Objectives The number of reported cases of multiresistant Mycoplasma genitalium (MG) is increasing globally. The aim of this study was to estimate the prevalence of macrolide and possible fluoroquinolone resistance-associated mutations (RAMs) of MG in Belgium.

Methods The study was performed retrospectively on two sets of MG-positive samples collected in Belgium between 2015 and 2018. The first set of samples originated from routine surveillance activities and the second set came from a cohort of men who have sex with men (MSM) using pre-exposure prophylaxis to prevent HIV transmission. Detection of RAMs to macrolides and fluoroquinolones was performed on all samples using DNA sequencing of the 23S ribosomal RNA gene, the gyrA gene and the parC gene.

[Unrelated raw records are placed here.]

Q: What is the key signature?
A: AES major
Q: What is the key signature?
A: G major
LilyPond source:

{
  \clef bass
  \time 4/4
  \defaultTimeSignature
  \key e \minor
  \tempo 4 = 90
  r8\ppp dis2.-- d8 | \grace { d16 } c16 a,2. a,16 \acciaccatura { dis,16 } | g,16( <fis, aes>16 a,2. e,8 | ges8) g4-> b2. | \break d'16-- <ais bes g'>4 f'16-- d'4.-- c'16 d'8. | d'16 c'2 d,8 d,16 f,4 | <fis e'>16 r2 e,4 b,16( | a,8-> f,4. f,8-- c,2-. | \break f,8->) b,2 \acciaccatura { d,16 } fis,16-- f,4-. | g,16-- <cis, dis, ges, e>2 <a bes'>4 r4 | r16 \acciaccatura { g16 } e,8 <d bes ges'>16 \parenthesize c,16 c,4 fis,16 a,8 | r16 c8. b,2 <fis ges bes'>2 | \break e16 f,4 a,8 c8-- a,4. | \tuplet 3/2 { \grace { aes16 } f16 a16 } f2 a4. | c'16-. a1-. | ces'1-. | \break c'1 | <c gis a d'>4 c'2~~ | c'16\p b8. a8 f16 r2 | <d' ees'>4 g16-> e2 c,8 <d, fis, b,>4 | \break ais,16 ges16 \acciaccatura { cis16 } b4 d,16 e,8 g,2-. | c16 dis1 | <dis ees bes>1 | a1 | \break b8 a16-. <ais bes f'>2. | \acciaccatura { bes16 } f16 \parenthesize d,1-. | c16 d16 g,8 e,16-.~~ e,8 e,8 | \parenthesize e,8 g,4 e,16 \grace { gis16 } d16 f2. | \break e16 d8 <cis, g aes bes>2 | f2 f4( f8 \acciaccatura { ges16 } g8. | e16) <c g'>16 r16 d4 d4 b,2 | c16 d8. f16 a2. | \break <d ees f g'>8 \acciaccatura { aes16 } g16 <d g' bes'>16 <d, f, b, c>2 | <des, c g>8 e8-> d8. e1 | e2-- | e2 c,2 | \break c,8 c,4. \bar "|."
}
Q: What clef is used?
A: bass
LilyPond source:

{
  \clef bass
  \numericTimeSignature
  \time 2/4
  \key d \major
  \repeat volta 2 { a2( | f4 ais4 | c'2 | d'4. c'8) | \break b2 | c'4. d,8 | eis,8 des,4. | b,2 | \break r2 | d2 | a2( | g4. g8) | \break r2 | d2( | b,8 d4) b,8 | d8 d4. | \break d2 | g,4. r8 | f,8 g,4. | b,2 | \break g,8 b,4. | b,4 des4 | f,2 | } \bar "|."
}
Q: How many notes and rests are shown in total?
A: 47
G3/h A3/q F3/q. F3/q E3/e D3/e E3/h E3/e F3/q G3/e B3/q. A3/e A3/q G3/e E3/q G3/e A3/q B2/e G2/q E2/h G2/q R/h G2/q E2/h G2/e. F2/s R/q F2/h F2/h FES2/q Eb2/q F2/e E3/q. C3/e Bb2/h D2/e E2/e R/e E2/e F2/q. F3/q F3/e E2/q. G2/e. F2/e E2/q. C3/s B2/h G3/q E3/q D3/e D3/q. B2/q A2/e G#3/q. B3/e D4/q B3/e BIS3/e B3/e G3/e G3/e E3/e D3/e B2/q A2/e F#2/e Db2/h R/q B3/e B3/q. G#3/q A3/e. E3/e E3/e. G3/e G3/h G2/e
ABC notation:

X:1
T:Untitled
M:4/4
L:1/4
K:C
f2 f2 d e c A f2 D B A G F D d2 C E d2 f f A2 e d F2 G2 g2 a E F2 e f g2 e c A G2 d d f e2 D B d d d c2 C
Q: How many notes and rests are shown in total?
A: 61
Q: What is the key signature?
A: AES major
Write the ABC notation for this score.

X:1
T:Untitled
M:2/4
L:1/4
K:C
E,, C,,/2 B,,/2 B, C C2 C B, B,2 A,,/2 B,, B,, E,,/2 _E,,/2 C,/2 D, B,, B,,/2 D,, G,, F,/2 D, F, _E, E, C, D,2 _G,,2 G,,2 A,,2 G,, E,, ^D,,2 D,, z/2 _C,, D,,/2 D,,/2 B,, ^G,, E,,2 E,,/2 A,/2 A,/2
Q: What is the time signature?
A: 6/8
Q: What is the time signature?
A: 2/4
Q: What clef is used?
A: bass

Results Seventy-one per cent of the MG samples contained a mutation conferring resistance to macrolides or fluoroquinolones (ParC position 83/87). RAMs were more frequently found among men compared with women for fluoroquinolones (23.9% vs 9.1%) and macrolides (78.4% vs 27.3%). Almost 90% of the MG infections among MSM possessed a RAM to macrolides (88.4%). In addition, 18.0% of the samples harboured both macrolides and fluoroquinolone RAMs; 3.0% in women and 24.2% in MSM. Being MSM was associated with macrolide RAMs (OR 15.3), fluoroquinolone RAMs (OR 3.8) and having a possible multiresistant MG infection (OR 7.2).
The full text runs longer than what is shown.